### PROBLEM DESCRIPTION
Return each line below exactly as it reads, and omit any image in it.

### DATASET EXTRACT
--
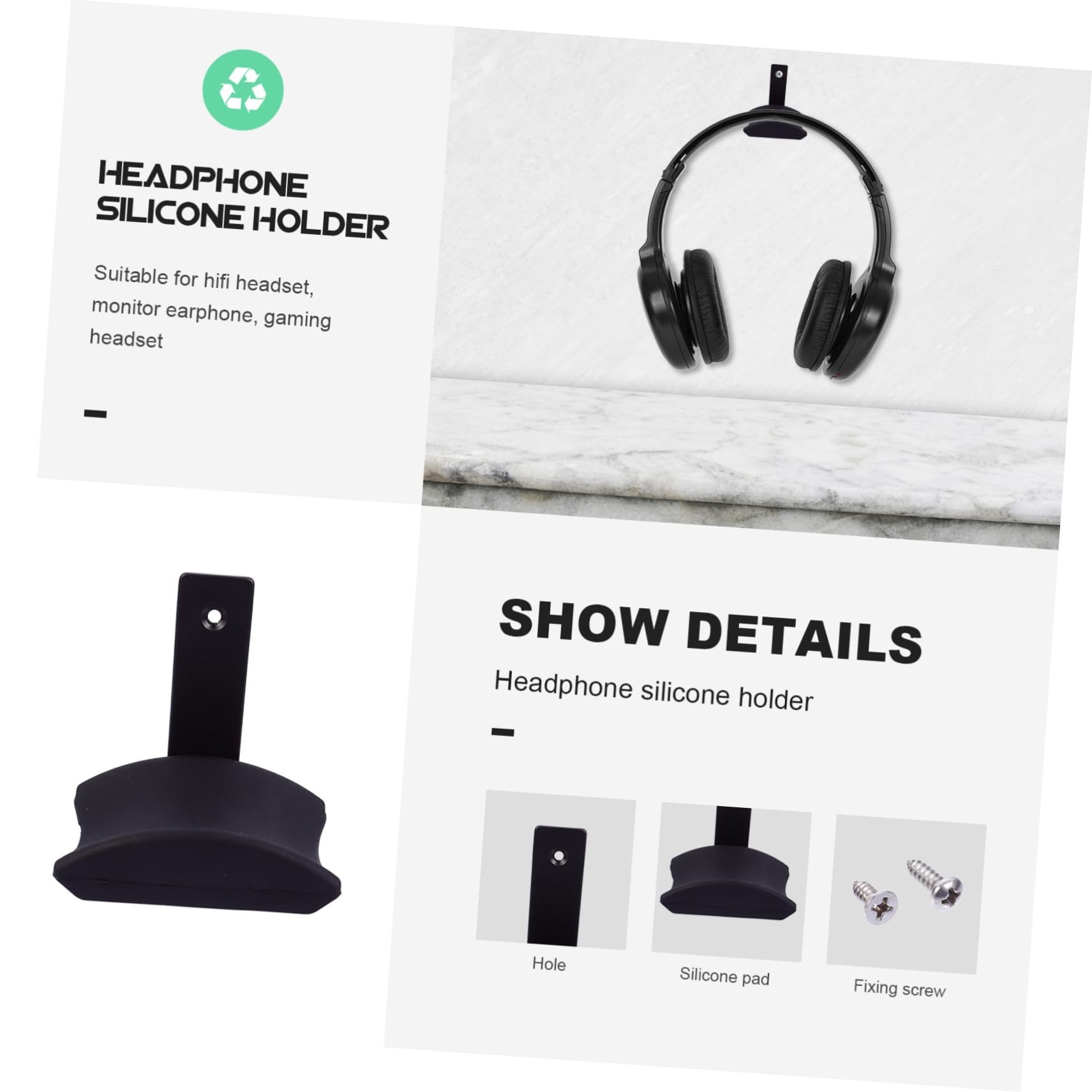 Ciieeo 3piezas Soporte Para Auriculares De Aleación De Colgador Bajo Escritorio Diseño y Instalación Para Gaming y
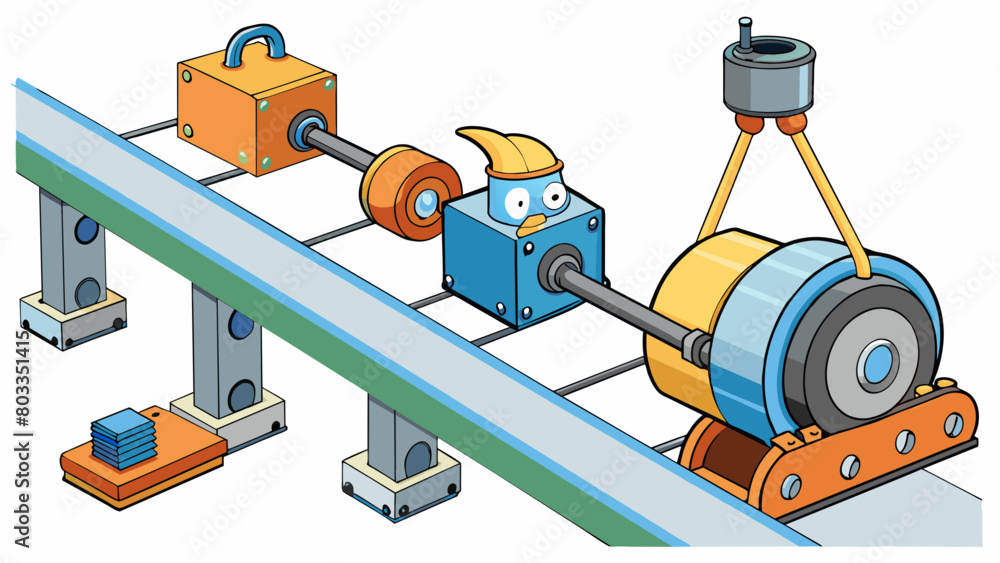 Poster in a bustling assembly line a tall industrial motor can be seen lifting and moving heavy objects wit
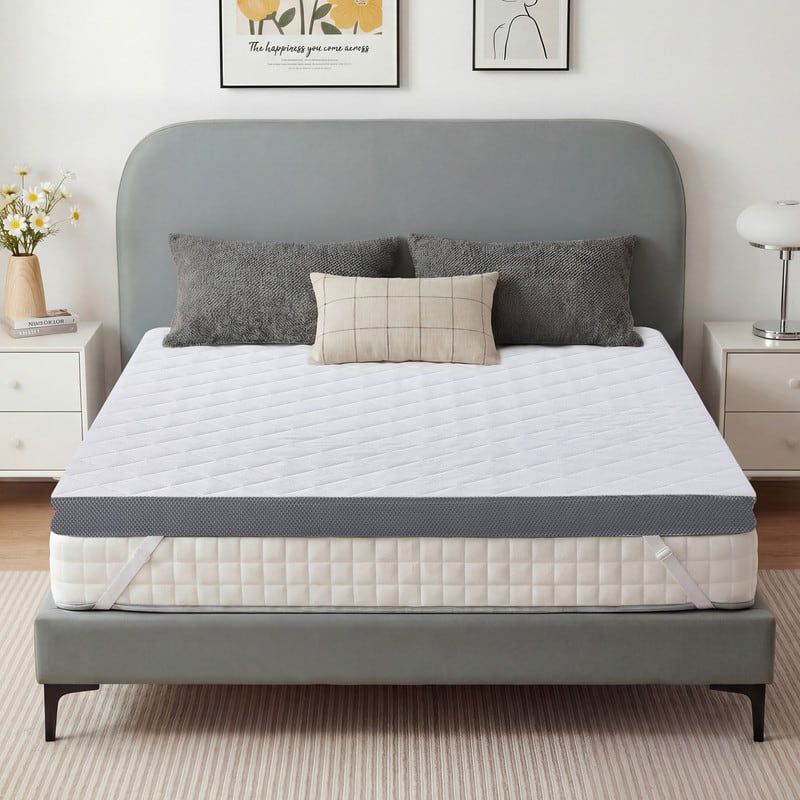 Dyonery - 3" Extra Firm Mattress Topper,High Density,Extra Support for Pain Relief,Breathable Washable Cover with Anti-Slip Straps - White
--
### OUTPUT
 Ciieeo 3piezas Soporte Para Auriculares De Aleación De Colgador Bajo Escritorio Diseño y Instalación Para Gaming y
 Poster in a bustling assembly line a tall industrial motor can be seen lifting and moving heavy objects wit
 Dyonery - 3" Extra Firm Mattress Topper,High Density,Extra Support for Pain Relief,Breathable Washable Cover with Anti-Slip Straps - White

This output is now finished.